Immediately after watching _Payback_, the friend with whom I attended the
screening came up with a snappy line: "_Payback_--where the good guys are
bad, and the bad guys are badder!" Actually, an equally snappy and more
accurate line would be, "_Payback_--where the bad guys are bad, and the
good guys are even worse," for the "hero" of this offbeat and somewhat
amusing action thriller is arguably more evil than the "villains."
His name is Porter (Mel Gibson), a small-time hood who is swindled out of
$70,000 and left for dead by fellow crook Val (Gregg Henry) and Porter's
own junkie wife, Lynn (Deborah Kara Unger). Of course, Porter improbably
recovers from his two potentially fatal gunshots to the back, and he takes
violent, often murderous, ends to even the score--or, at the very least,
get his $70,000.
Co-writer/director Brian Helgeland (who retains directing credit though
"creative differences" with Gibson prompted him to leave the project before
its completion) plays the rather scenario for a number of darkly
tongue-in-cheek laughs.
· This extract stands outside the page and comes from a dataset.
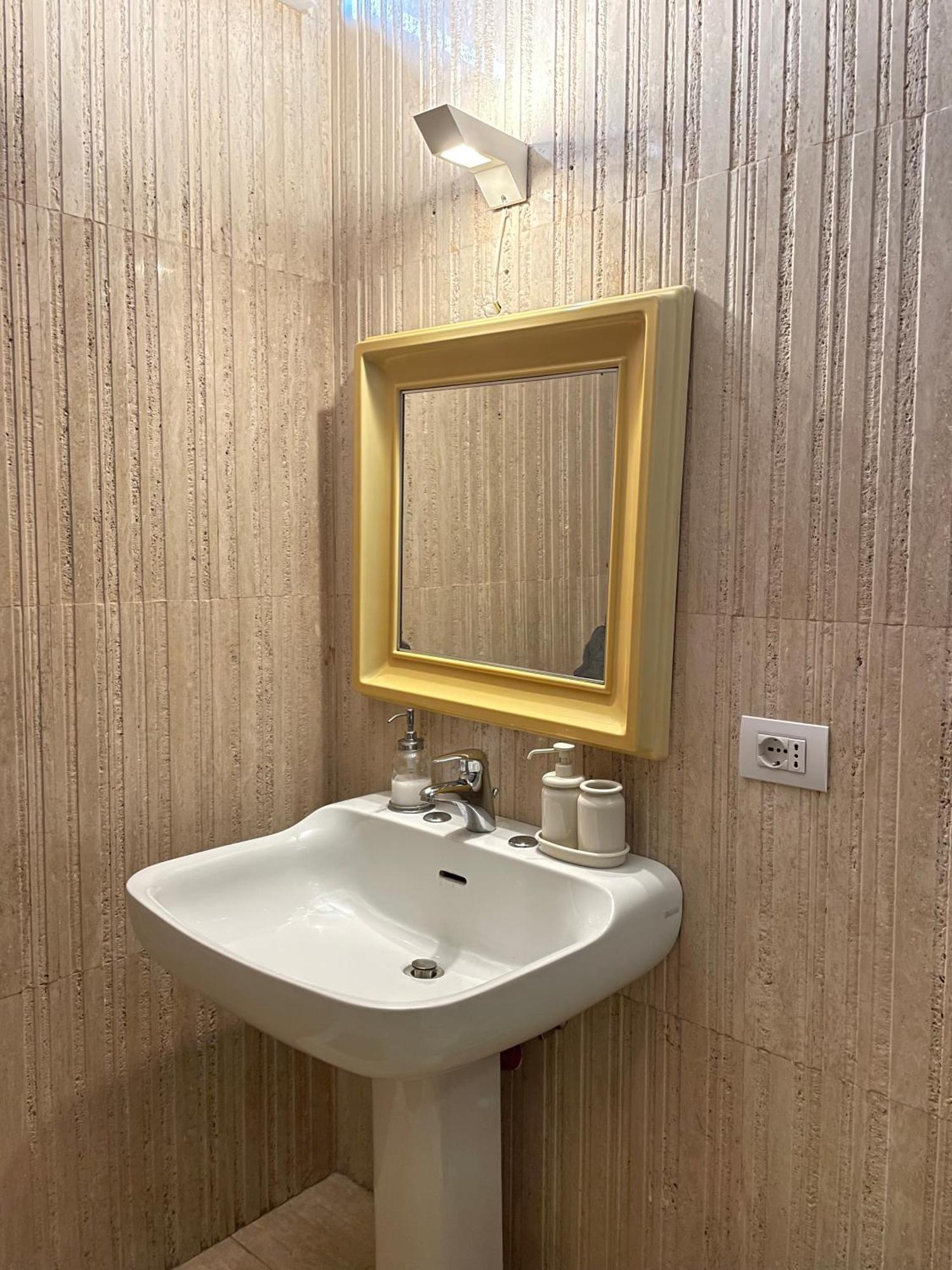 Palazzo Verrone Guest house Bari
After all, who would go through so much
trouble--and take so much punishment himself--for such an absurdly low
figure? Only someone as disturbed as Porter, whom Gibson plays with the
same manic, slightly off-kilter energy he always brings to his action roles.
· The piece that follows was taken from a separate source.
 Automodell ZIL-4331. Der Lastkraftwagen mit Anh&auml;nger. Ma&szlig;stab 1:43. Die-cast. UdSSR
Based on the above, _Payback_ sounds much lighter than it is--for all the
humor in it, the film is quite gritty and dark, reflected most obviously in
Emerson Core's often frustratingly grainy cinematography, which casts a
blue-gray wash over the entire film. _Payback_ is extremely violent; I
would go so far as to say excessively so at certain points. Even the
gung-ho male action fans who sat next to me were audibly shocked by some of
Porter's extremely brutal behavior--which he gets his own taste of in a
unsettling torture scene involving a sledgehammer. There are a number of
sadomasochistic touches, courtesy of an Asian-mob-affliated dominatrix
(Lucy Liu, a long way from _Ally_McBeal_). This brings me to another point
that will surely spark some controversy: the film's treatment of women. A
touch of misogyny is expected in a macho action picture such as this, but
when the three prominent female characters--who, I might add, are just
about the _only_ females in the film--are two prostitutes (one being the
dominatrix, the other being Maria Bello's gold-hearted hooker/Porter love
interest) and a heroin addict, one could easily see that the fairer sex
gets a far from fair treatment.
One's enjoyment of _Payback_ essentially boils down to one's opinion of
Porter, and, to a certain degree, Gibson himself: depending on your view,
he can come off as either a badass or an asshole, with no in-between. The
bulk of the audience with whom I saw the film appeared to think the former,
and, being a Gibson fan, I'm with them. Nonetheless, I never was more than
amused by _Payback_, whose thin story never generates any genuine excitement.